Due to higher global oil prices, Pakistan’s government intends to increase petroleum product prices by Rs10 to 14 per liter for the upcoming fortnight.
Industry insiders suggest that the government may cite escalating oil prices in international markets as the reason for the potential hike. If the government also accounts for exchange rate losses, the increase could reach Rs14 per liter.
In the country’s oil sector calculations, the ex-depot petrol price is projected to be Rs14.77 per liter for the next review, with the exchange rate loss adjustment. The current ex-depot petrol price is Rs272 per liter, which could increase to Rs286.77 per liter if the government passes on the impact of global oil prices and exchange rate losses.
Even without adjusting for exchange losses, petrol prices will likely rise due to higher global oil prices. The anticipated increase is based on the current tax rates.
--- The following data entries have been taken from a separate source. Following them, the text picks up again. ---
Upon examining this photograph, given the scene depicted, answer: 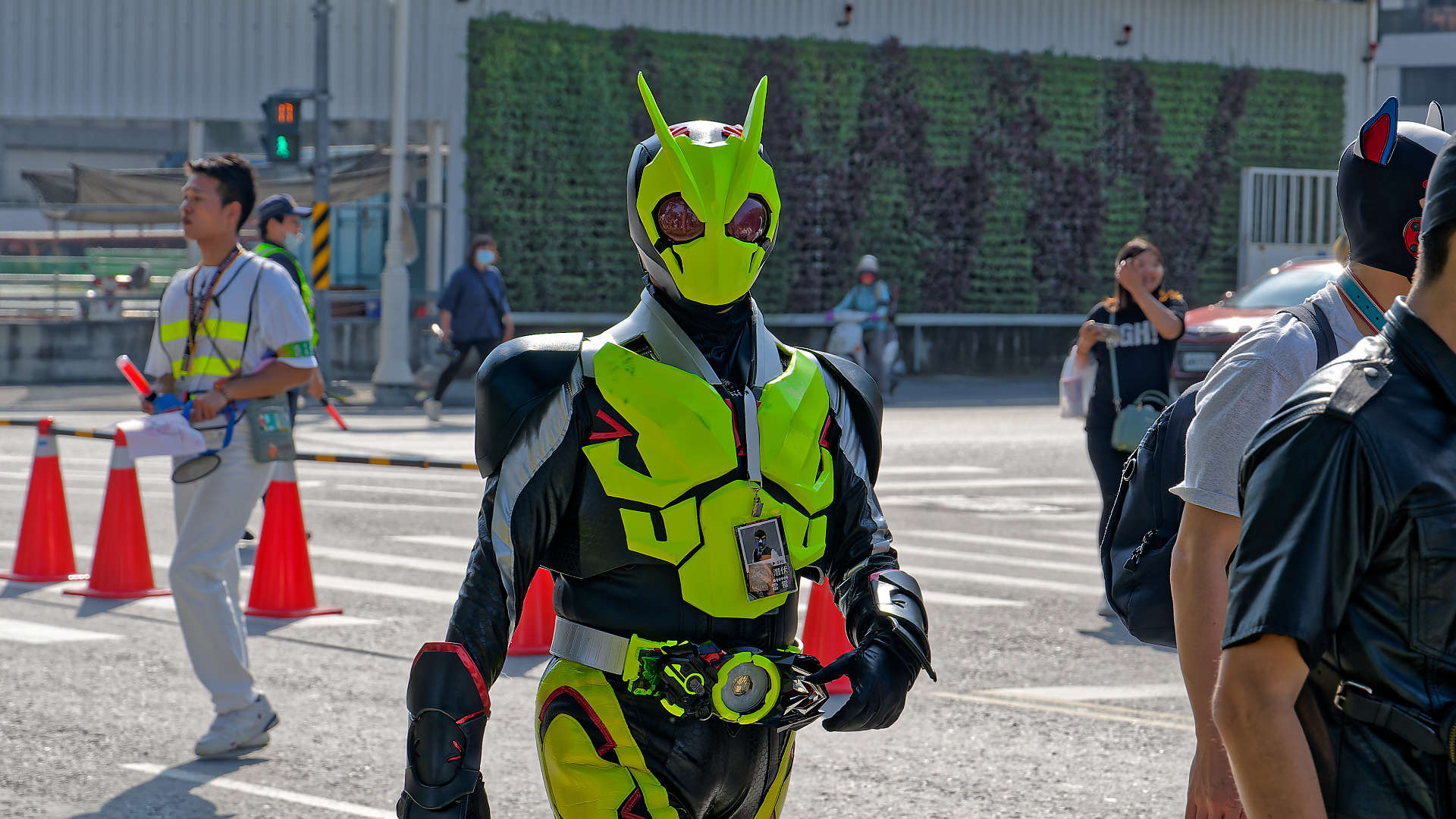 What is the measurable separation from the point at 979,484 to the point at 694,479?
460 inches

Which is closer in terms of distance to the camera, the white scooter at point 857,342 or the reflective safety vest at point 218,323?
the reflective safety vest at point 218,323

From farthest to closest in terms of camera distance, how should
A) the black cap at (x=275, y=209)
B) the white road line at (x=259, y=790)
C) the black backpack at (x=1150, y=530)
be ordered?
1. the black cap at (x=275, y=209)
2. the white road line at (x=259, y=790)
3. the black backpack at (x=1150, y=530)

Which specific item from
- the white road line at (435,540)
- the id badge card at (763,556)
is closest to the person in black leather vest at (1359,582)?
the id badge card at (763,556)

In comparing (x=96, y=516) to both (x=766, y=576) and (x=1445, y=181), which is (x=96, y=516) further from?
(x=1445, y=181)

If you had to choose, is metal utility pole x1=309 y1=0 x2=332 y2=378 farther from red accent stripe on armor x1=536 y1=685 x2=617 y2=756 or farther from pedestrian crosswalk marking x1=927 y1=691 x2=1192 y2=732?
red accent stripe on armor x1=536 y1=685 x2=617 y2=756

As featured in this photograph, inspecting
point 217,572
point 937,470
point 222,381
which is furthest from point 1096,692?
point 937,470

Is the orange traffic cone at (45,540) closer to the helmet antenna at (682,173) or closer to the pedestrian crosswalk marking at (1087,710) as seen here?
the pedestrian crosswalk marking at (1087,710)

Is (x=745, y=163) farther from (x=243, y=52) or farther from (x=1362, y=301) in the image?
(x=243, y=52)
The government currently imposes an Rs50 per liter levy on petrol with no general sales tax.
The expected petrol price increase is based on an Rs5 per liter exchange loss adjustment owed to the Pakistan State Oil (PSO) by the government, as it previously did not include exchange rate adjustments to maintain lower petrol prices. The POL prices would have been higher following the significant depreciation of the rupee against the dollar in the past two and a half months under IMF conditions that permitted a market-based exchange rate.